Emacs Font Lock How to highlight multiline text

I use a custom start and end tag to mark comment text. One of the problem is when the comment is long and mixed with content, it's hard to identify the boundary of comment and content, my eyes fatigue sometimes.

I would like to let Emacs to highlight the comment text block so I can distinguish them and focus on the content I'm writing. Other popular editors like VIM or Sublime can also achieve this, this post illustrates how to do it in Emacs.

Create a custom mode

Use define-derived-mode to create a new mode based on an existing mode such as html-mode or fundamental-mode is the first step.

(define-derived-mode mytext-mode fundamental-mode "mytext"

Enable multiline text matching

By default, Font Lock only process line of text, to support multiline text, we have to add those code

(define-derived-mode mytext-mode fundamental-mode "mytext"
  (set (make-local-variable 'font-lock-multiline) t)
  (add-hook 'font-lock-extend-region-functions
(defun test-font-lock-extend-region ()
  "Extend the search region to include an entire block of text."
  ;; Avoid compiler warnings about these global variables from font-lock.el.
  ;; See the documentation for variable `font-lock-extend-region-functions'.
  (eval-when-compile (defvar font-lock-beg) (defvar font-lock-end))
    (goto-char font-lock-beg)
    (let ((found (or (re-search-backward "\n\n" nil t) (point-min))))
      (goto-char font-lock-end)
      (when (re-search-forward "\n\n" nil t)
        (setq font-lock-end (point)))
      (setq font-lock-beg found))))            

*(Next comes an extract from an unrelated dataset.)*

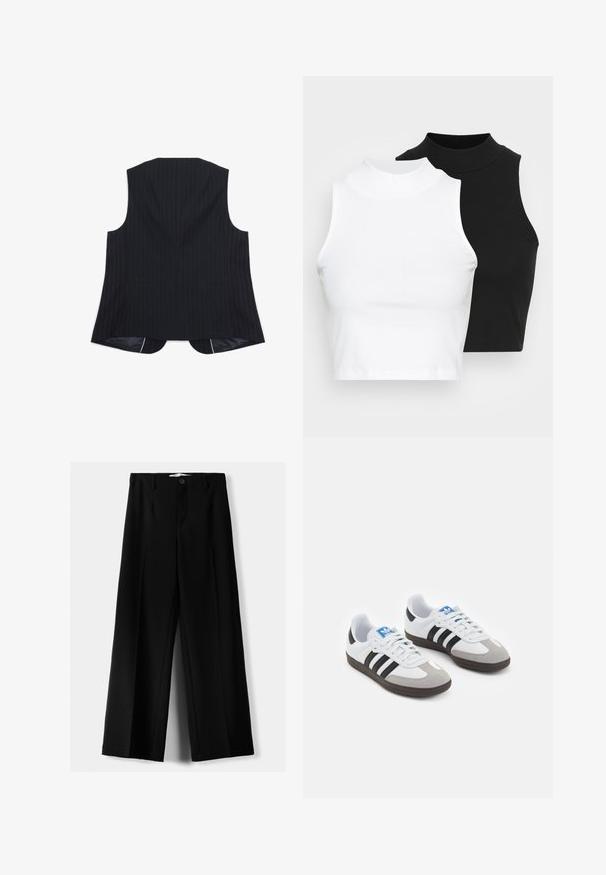 Schwarze Nadelstreifenweste mit maßgeschneidertem Design. Hat einen hohen Kragen, offene Seiten und einen leicht längeren hinteren Saum. Glatte Stofftextur.; Zwei ärmellose, gerippte Rollkragenoberteile in Schwarz und Weiß, mit einer figurbetonten Passform und glatter Textur sowie einer cropped Länge.; Schwarze weite Hosen aus leichtem Stoff, mit einem Knopfverschluss vorne und flachem Bund, mit sorgfältig genähten Säumen.; Sportschuhe mit einem Obermaterial aus weißem Leder, grauer Wildleder-Zehenkappe und drei schwarzen Streifen. Sie verfügen über ein blaues Logo auf der Zunge und eine strukturierte Gummisohle.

Setup regular expression and highlighting options

The naive version looks like below.

(setq mytext-highlights '(("START_TAG\\(.\\|\n\\)*?END_TAG" . font-lock-warning-face)))

This not always work, it's works well in a small file(dozens of KB), but no effect in a large file(dozen of MB).

By default, the Font Lock use jit-lock to perform highlighting, so called just in time fontification or lazy fontification. It works incrementally based on the current visible part of the file in buffer. I was wondering if it's the jit-lock causes the problem. So I disabled it as below:

(set (make-local-variable 'font-lock-support-mode) nil)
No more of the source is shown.